Most likely, then, Scalia is holding that there is, at least in America, a maxim of law to the effect that prefaces or preambles to the enacting part of a clearly expressed law have no bearing on how the enacting part is to be understood.  In the case of the Second Amendment, applying the maxim results in the judicial conclusion that the words “A well-regulated Militia, being necessary to the security of a free state”, should play no part in understanding “the right of citizens to keep and bear arms shall not be infringed”.  And so Scalia and the Court can fully ignore the first clause and understand the Second Amendment solely on the basis of the second clause.  That is exactly what Scalia does in his opinion:  at this point attention is given at length to the second clause.  In what follows in the text, the notion of a militia vanishes.

This final argument is radically different from what preceded it.  For there, the aim was to see how the meaning of the first clause is related to the second.  Now, however, questions of meaning, of logical connections, are not necessary.,

What is to be made of that line of argument?  I have no idea whether there is in American legal practice such a maxim, but it is entirely plausible.  For the maxim would be a reminder to judges that prefaces need have no connection whatsoever to what follows.  I can write a book on cooking mushrooms and, publisher willing, have a preface to that material talking about a turtle I had as a boy.  Prefaces are not constrained and so are not to be taken into account in understanding that to which they are prefaces. There is, certainly, a limit to that:  it is possible, since the rules for prefaces are so underdetermined, that an author can, say at the last minute, insert a clarifying message into a preface and save having to revise the body of the text.  So, a judge, relying upon this maxim, needs to tread carefully in relying on it. 

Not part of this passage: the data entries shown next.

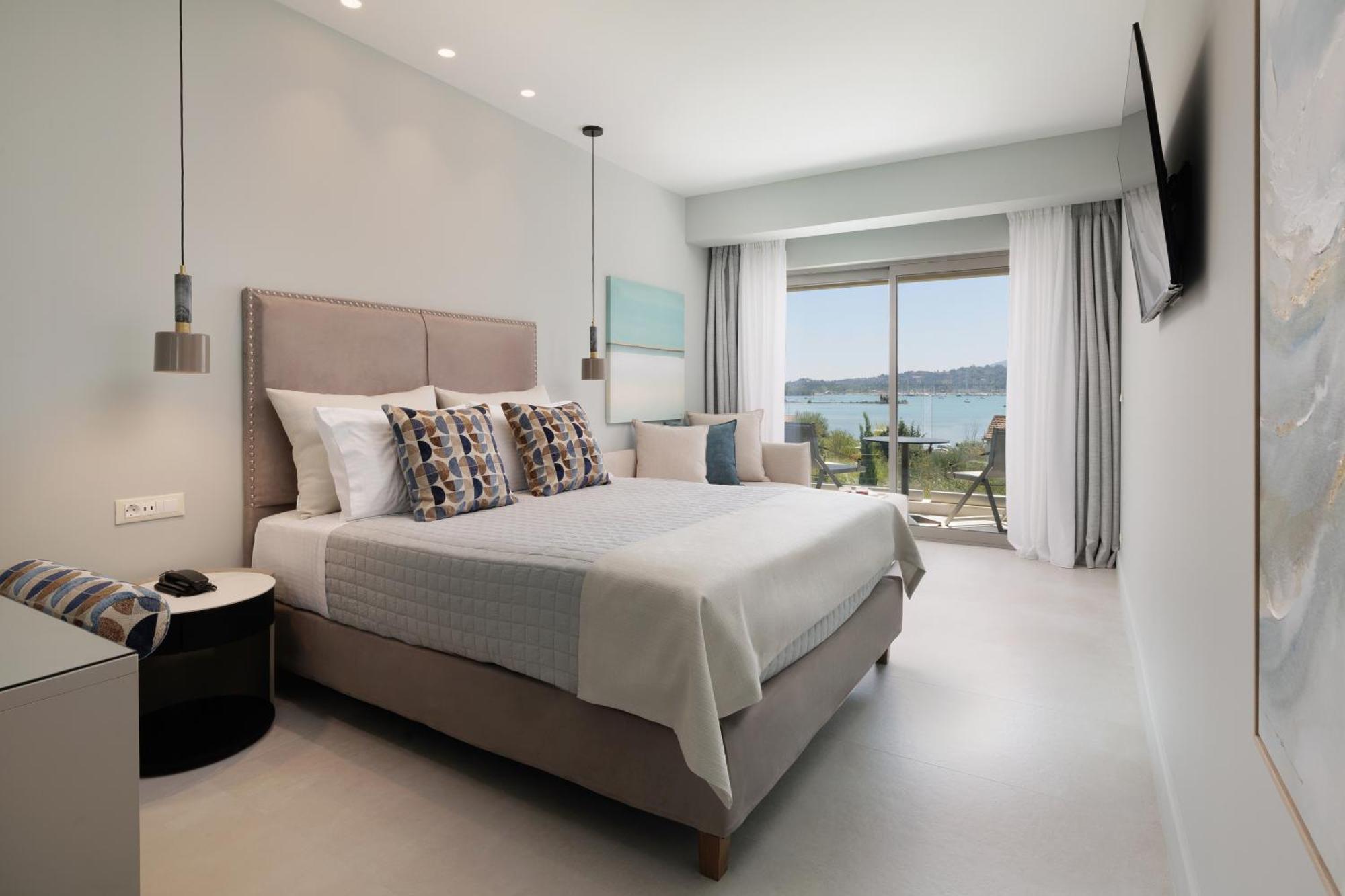 Deluxe Double or Twin Room Sea View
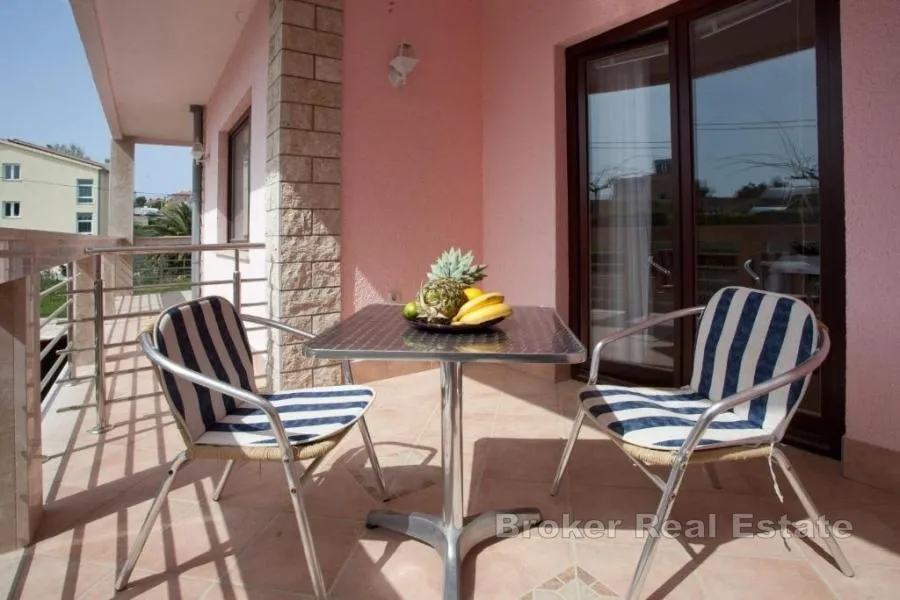 apartmanska kuća s pogledom na more - slika 5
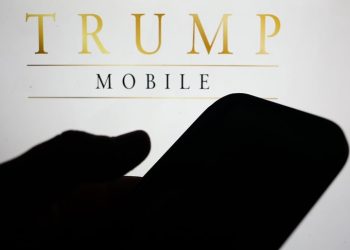 Trump Mobile переносить постачання золотих смартфонів на 2026 рік — Financial Times
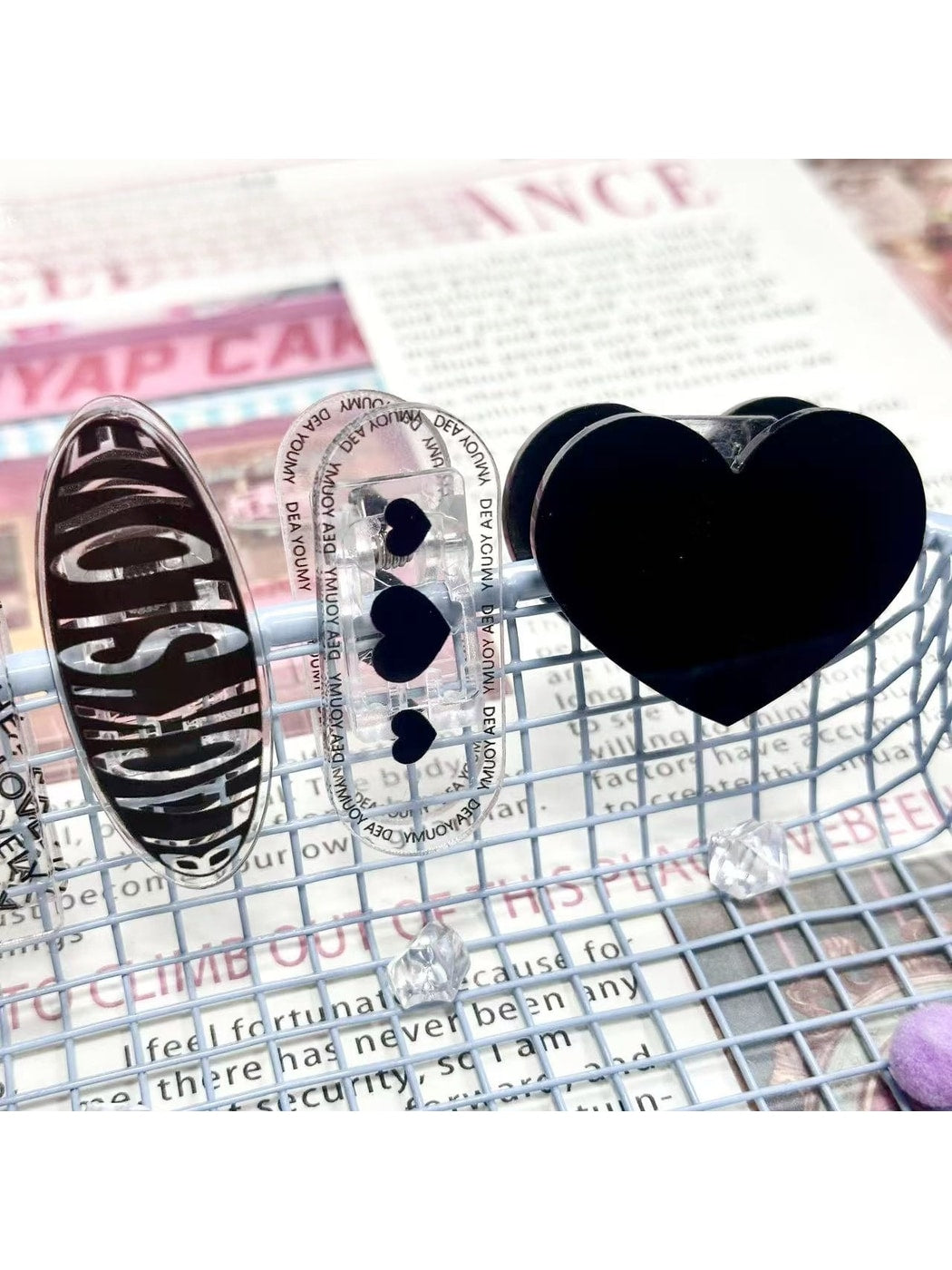 Clemi - Transparent Text Pattern Acrylic Note Holder Clip Oria & Co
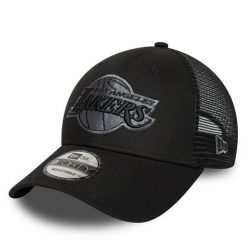 Czapka z daszkiem New Era. Czarne czapki z daszkiem New Era, bez wzorów. Za 109.99 zł.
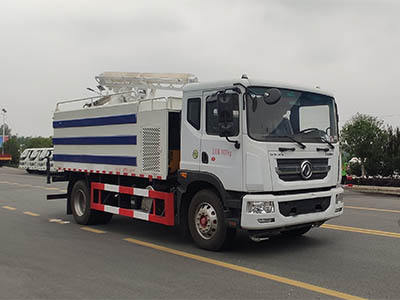 光伏板清洗—東風D9光伏板清洗車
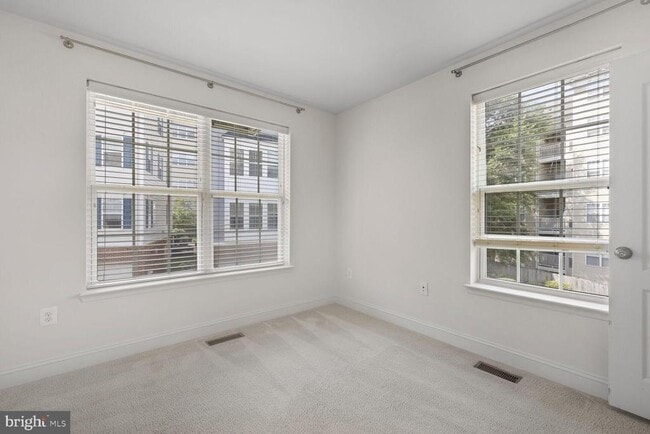 Building Photo - 306 Park Ave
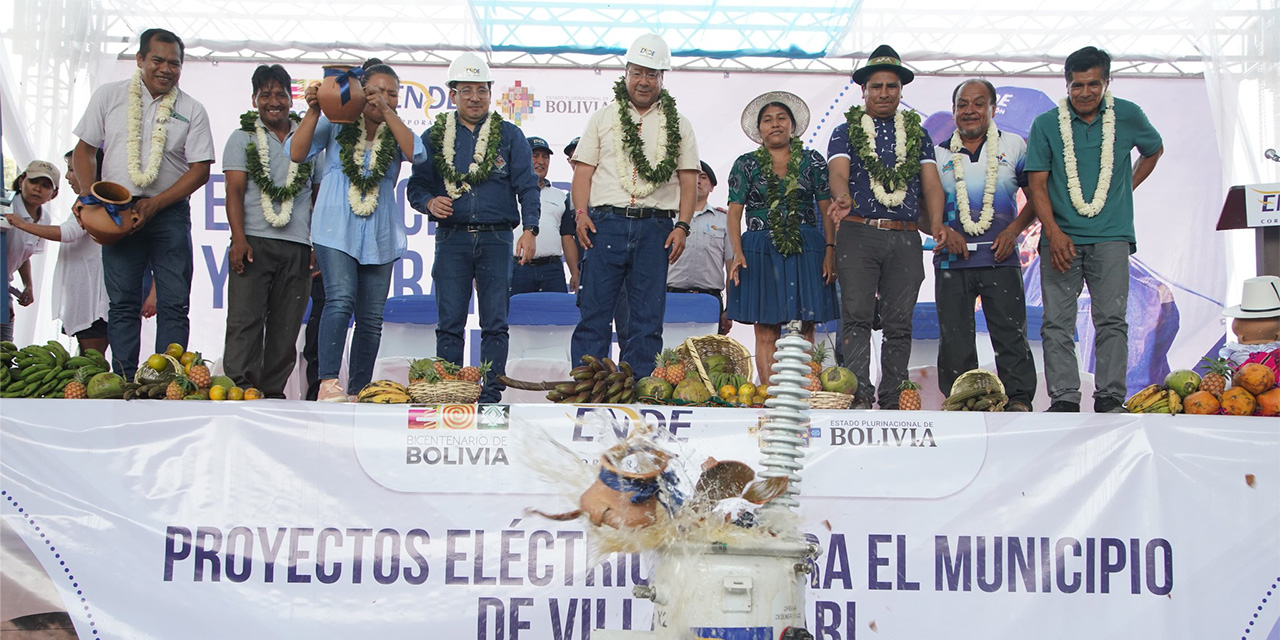 Presidente entrega paquete millonario de obras en el municipio cochabambino de Villa Tunari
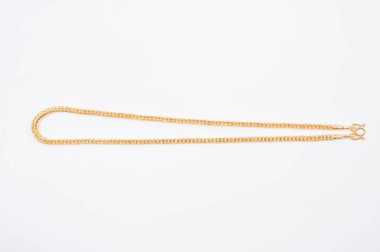 Beyaz arkaplanda izole edilmiş altın zincir kolye.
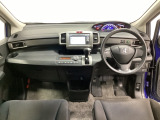 車内は光触媒抗菌消臭施工済です。インパネ周りはスタイリッシュなデザインです。グローブボックスやカップホルダーのほかにトレーなどたくさんの収納スペースが付いています。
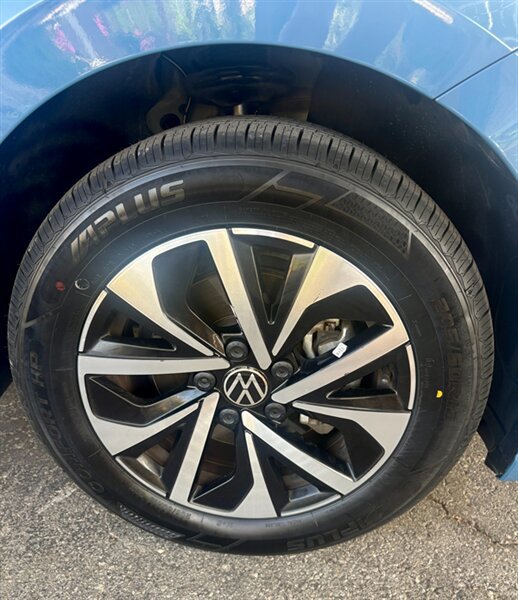 Used 2025 Volkswagen Jetta S FWD image 21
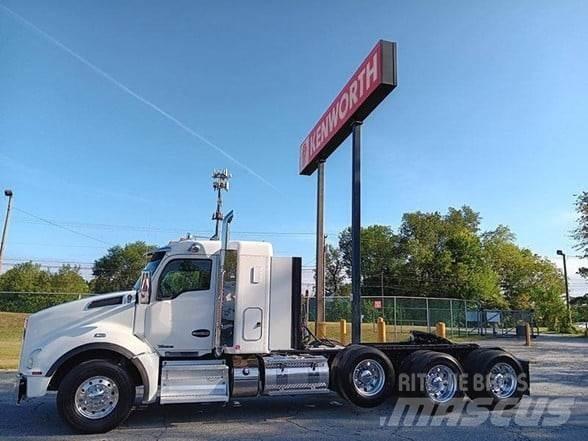 Kenworth T880 Τράκτορες
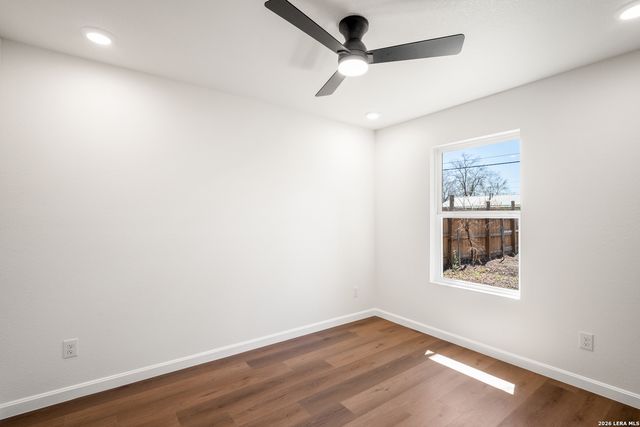 130 Kontiki Pl, San Antonio, TX 78242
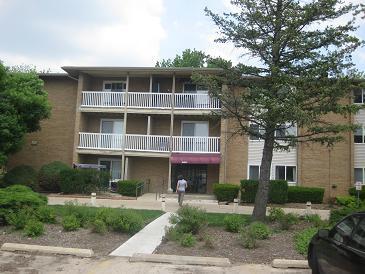 960 Beau Dr. #111, Des Plaines, IL 60016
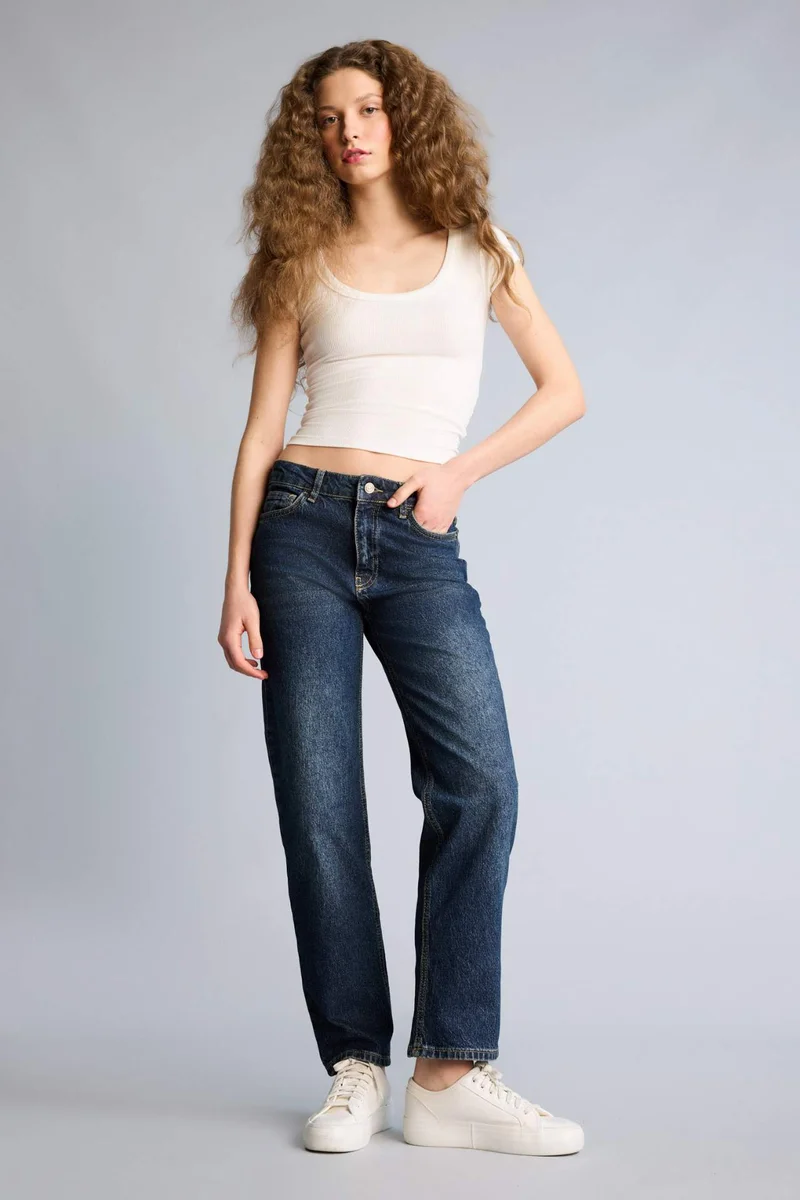 ديفاكتو Comfort Straight Normal Waist Long Jeans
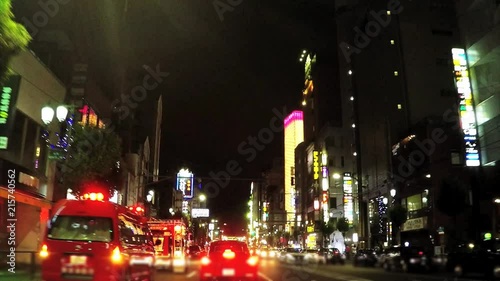 日本都市風景。夜の繁華街の道路。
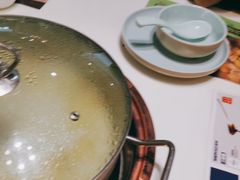 -洪氏嗨捞·猪肚鸡火锅(阳光天地店)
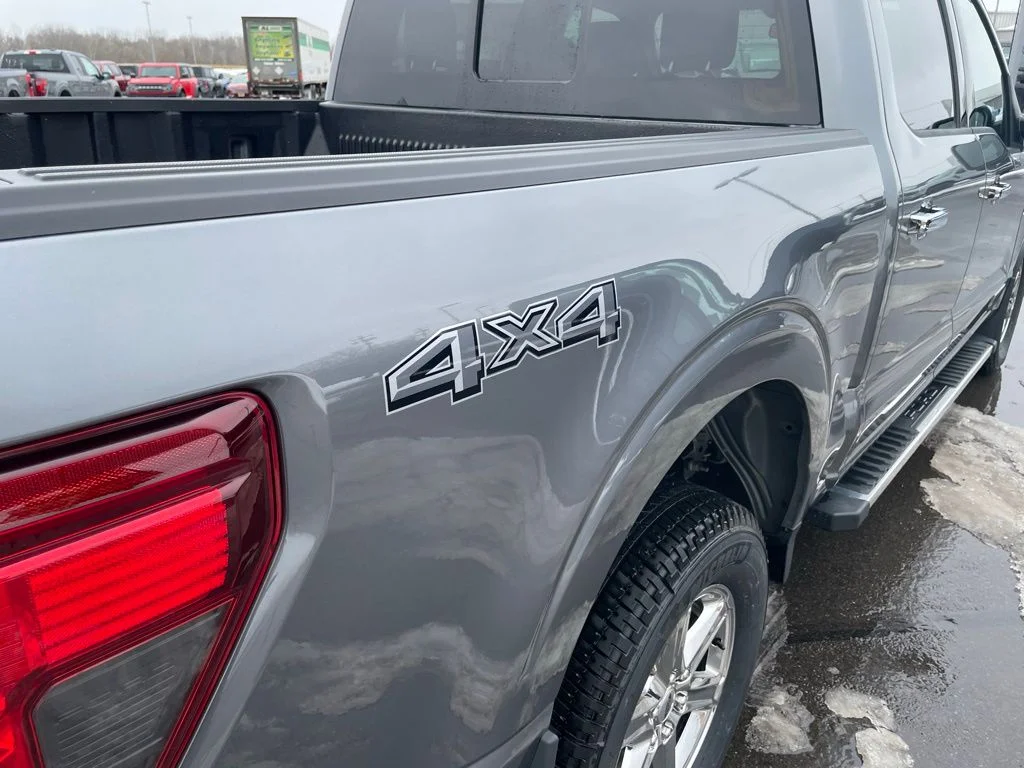 2025 Ford F-150 XLT - Photo 13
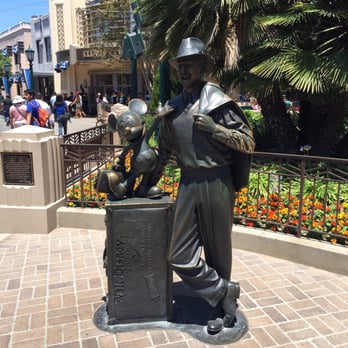 Buena Vista Street - Mr Disney - Amusement Parks Near Me - Anaheim, California Buena Vista Street - Mr Disney - Amusement Parks Near Me - Anaheim, California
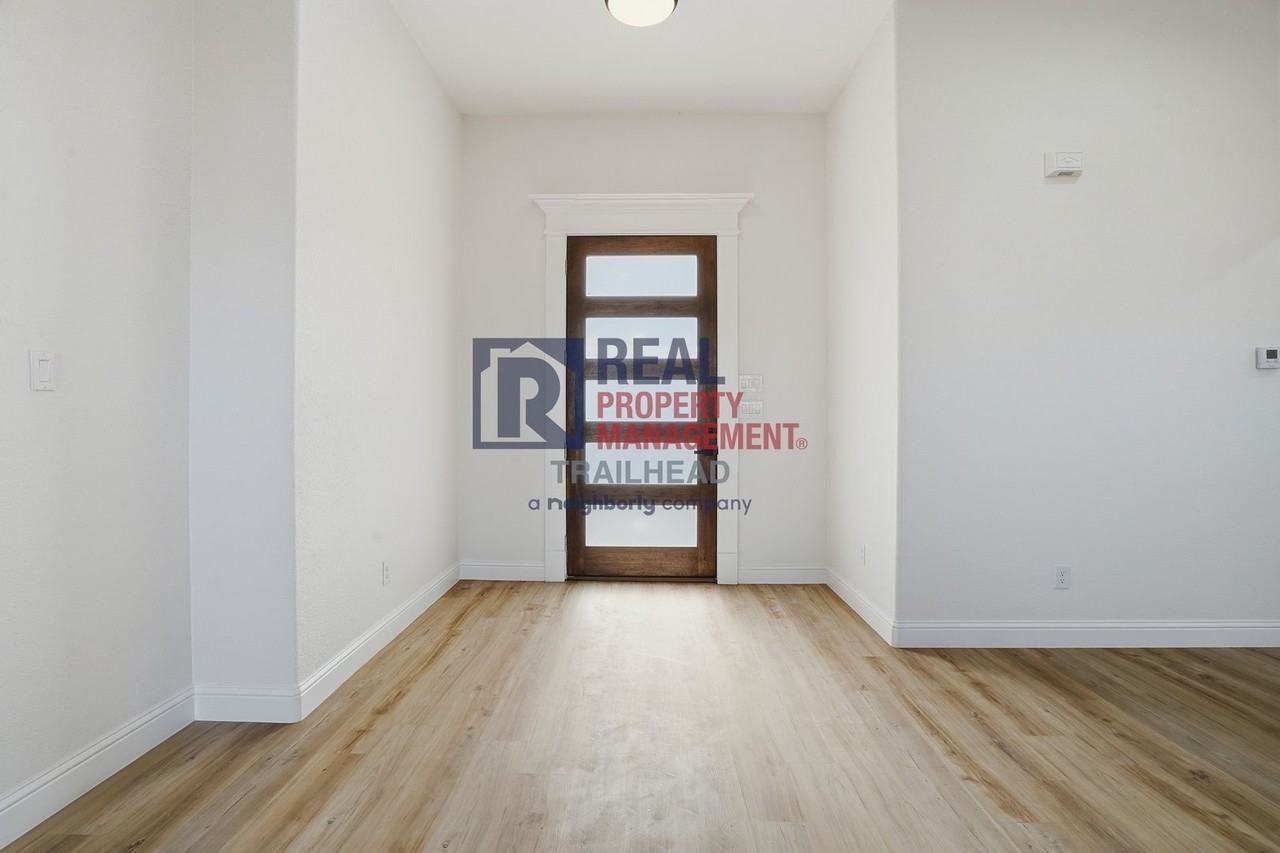 200 High Ridge Ct - Photo 6 of 33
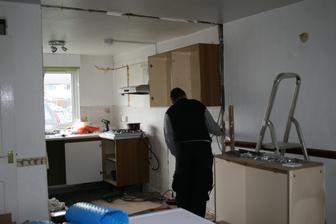 Uz zacina rekonstrukce, skrinky na svem miste, odsavac namontovany, plynak prodany a plotna pripojena, pozarni alarm na strope take hotovy!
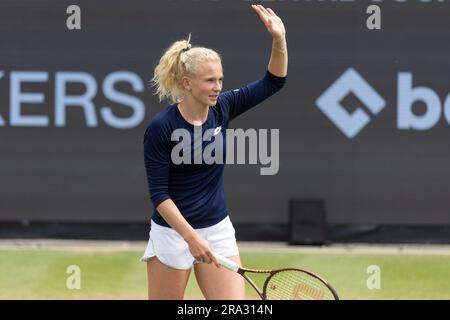 Bad Homburg, Germania. 30 giugno 2023. Tennis: WTA Tour, Singles, Women, quarti di finale. Katerina Siniakova (Repubblica Ceca) - Liudmila Samsonova (Russia), Katerina Siniakova gestures. Credito: Jürgen Kessler/dpa/Alamy Live News Foto Stock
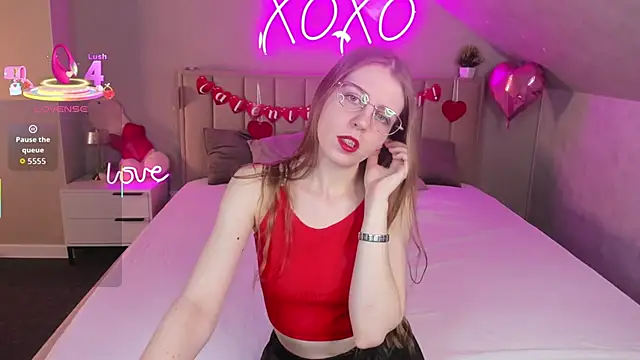 Snapshot of Joann_Shermann chatting on February 21, 2026, 1:18 am Joann Shermann online show from February 21, 2026, 1:18 am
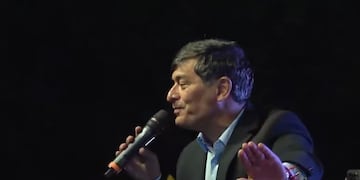 “¿Sabís pescar? Pesca tus...“: Parisi refuerza su idea de sacar a los militares a la calle con curioso llamado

No, the problem lies not with the putative maxim but with Scalia’s coupling it with a claim that the first clause of the Second is nothing other than a preface and so subject to the reasonableness of the maxim.  Schematized, the argument is:

          Premise 1:  prefaces can be ignored in understanding the body of a text

          Premise 2:  the first clause of the Second is a preface

          Conclusion:  Hence the first clause can be ignored in interpreting the Second.

          It is a case of misdirection to get the reader to think of the first premise, its meaning, acceptability and place in judicial decisions rather than on premise 2.    

As noticed earlier, Scalia makes no attempt to justify his regarding the clause as a preface and makes no attempt to reject the obvious alternative:  the Second could have been written “The right of a citizen to keep and bear arms shall not be infringed because a well-regulated Militia is necessary to the security of a free state”.  There is absolutely no difference in meaning between that and what Madison wrote.  But if so written, it is obvious that there is no preface in the sentence.  The maxim, then, would clearly be beside the argumentative point. 

Moreover, as we have already seen, Scalia’s recognition that there is some strong meaningful connection what is said in the two clauses rules out his continuing to talking of one as a preface to the other.  The content of a preface, as the maxim reminds us, lacks such a logical connection to what is then said.  Scalia’s important recognition of that connection entails that he is no longer entitled to talk of a preface here and so his continued doing so renders his most important argument in favor of avoiding talk of militias unuseable.  

 The Second Amendment is about militias – Scalia’s arguments to avoid the first clause and its constituent reference to militias simply do not succeed.